New York Yankees: Throw In From The Miller Deal Emerging As Legit Bullpen Threat
Feb 17, 2017; Tampa, FL, USA; New York Yankees relief pitcher Ben Heller (61) during MLB spring training workouts at George M. Steinbrenner Field. Mandatory Credit: Reinhold Matay-USA TODAY Sports

One of the throw-ins included in the Andrew Miller deal could have a severe impact on the success of the New York Yankees bullpen in 2017. 

We all know that the highly touted Clint Frazier and Justus Sheffield highlighted the package the New York Yankees received from the Cleveland Indians in exchange for Andrew Miller.

Ben Heller, despite being considered nothing more than throw in, has already started to give ’em “Hell” and could very well be the first of the package to experience major league success.



Last season, the righty was up for a cup of coffee in the big leagues in a stint that could be best described as “shaky.” Heller tossed seven innings and surrendered five runs on 11 hits and four walks while striking out six.

He also surrendered three home runs and was notorious for giving fans heart attacks during his outings, as he had a left on base percentage of 93.8 percent, good enough for fourth-highest among Yankee relievers.



New York Yankees


Those results should be the least of everyone’s worries, as Heller was able to evolve into a reliever who could throw two plus pitches for strikes and make his way onto the 25-man roster as a mere throw-in.

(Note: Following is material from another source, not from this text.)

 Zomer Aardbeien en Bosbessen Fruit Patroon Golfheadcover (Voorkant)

Before being called up to the Bronx, the 25-year-old posted a 1.69 ERA and struck out 55 batters in 48 innings between Double-A and Triple-A with a fastball that sits in the mid-to-high 90’s (has hit as high as 98 mph) and a mid-80’s slider that does a good job playing off the heater.

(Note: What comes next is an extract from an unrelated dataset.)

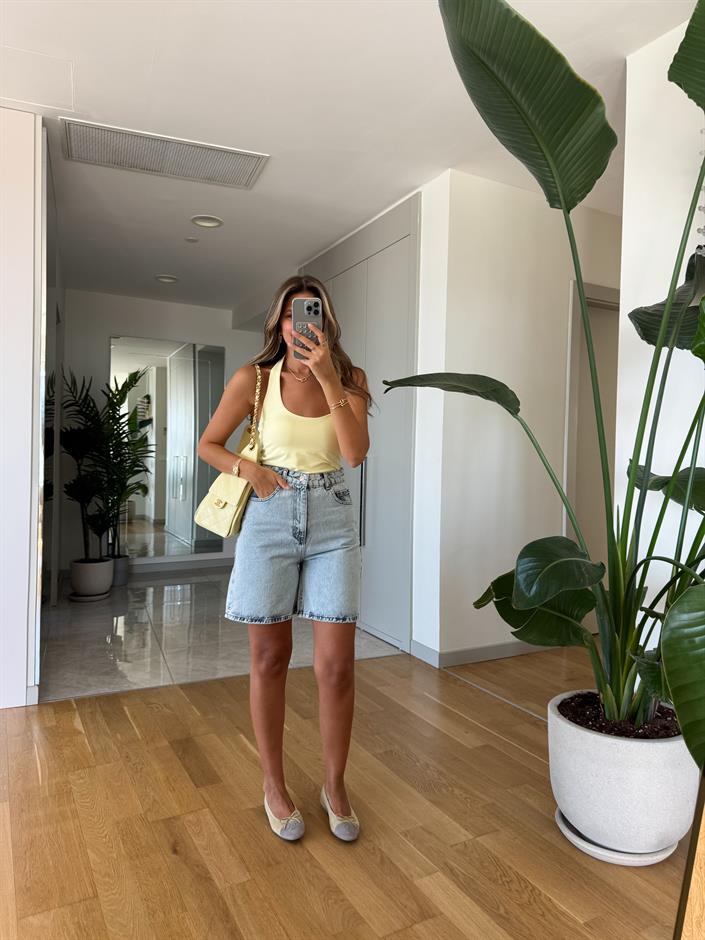 Kleo Şehir Boy Denim Şort  - Açık mavi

In spring training here in 2017, Heller is already building off the promise he demonstrated during his brief cameo last season. After tossing 1.2 scoreless innings in Thursday’s 8-7 win over the Atlanta Braves, he is now up to six innings in five spring appearances.

He owns a 1.50 ERA, has struck out six batters and has allowed just one run on three hits while holding opponents to a .158 batting average against.

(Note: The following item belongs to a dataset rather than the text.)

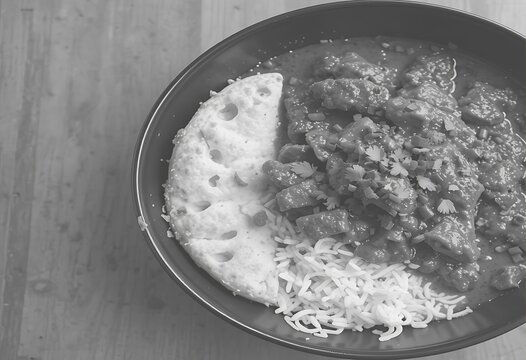 Hot and sweet beef roast / meat curry and Kerala paratha / parotta flatbread made of Maida / whole wheat flour Delhi India. Popular North Indian side dish for chapati, fried rice, roti, paratha, naan.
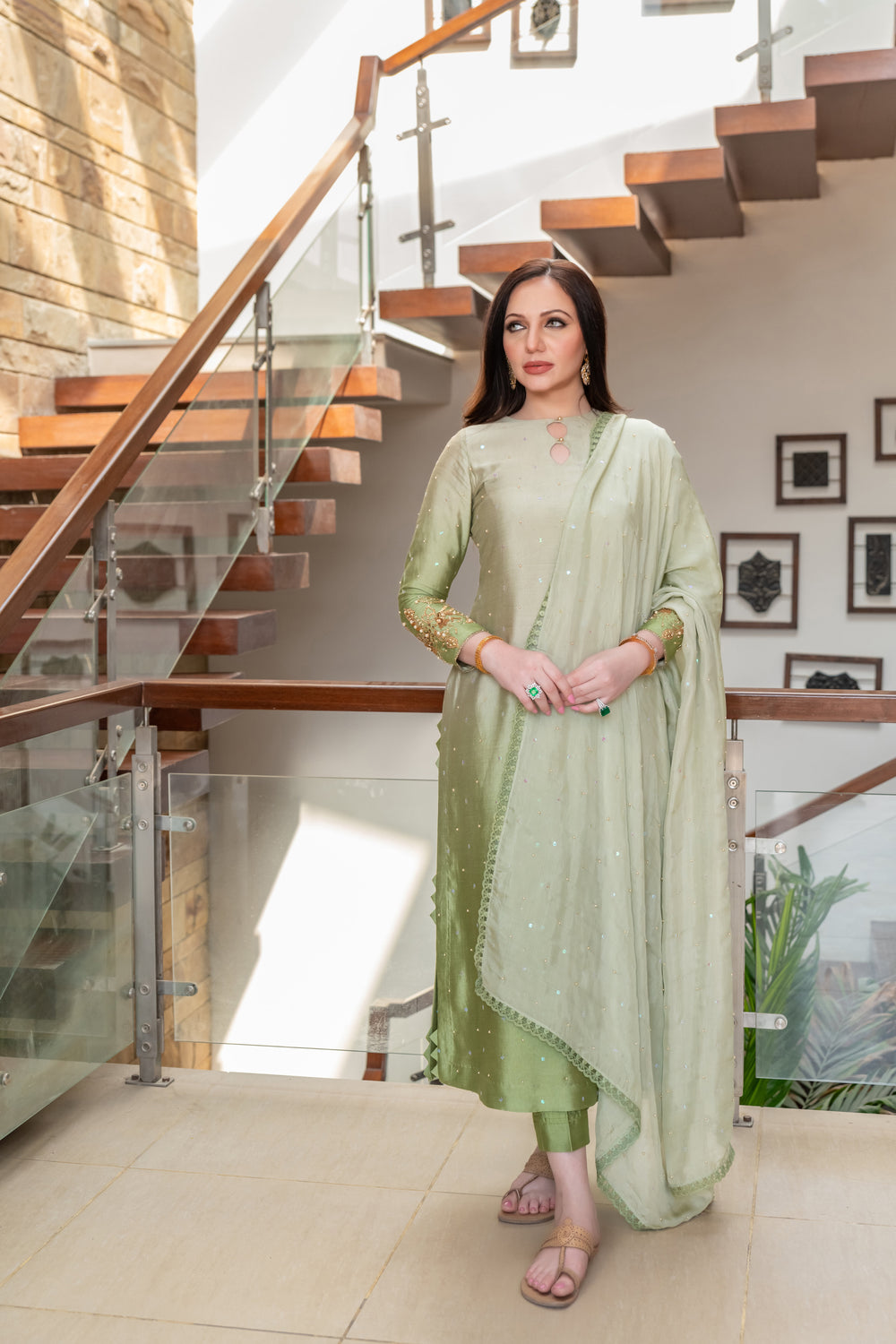 Wahaj M Khan | The Print Story | Sage Green Shaded Outfit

There are still tons of issues surrounding Heller, despite the promise. He owns a 3.6 BB/9 ratio throughout his minor league career, will command continue to be an issue? Can he successfully add a changeup to his healthy mix of his fastball and slider?

Whether or not he can answer those questions this spring, he’ll presumably get a shot to do so starting on Opening Day. Heller’s display last year was encouraging, the unpleasant results notwithstanding.

Out of the gate, he won’t have an impact on the late innings like Dellin Betances and Aroldis Chapman will, but there’s enough upside to profile him as an invaluable asset to the middle relief unit while, in due time, he may be able to develop into a fine piece in the back-end of the bullpen.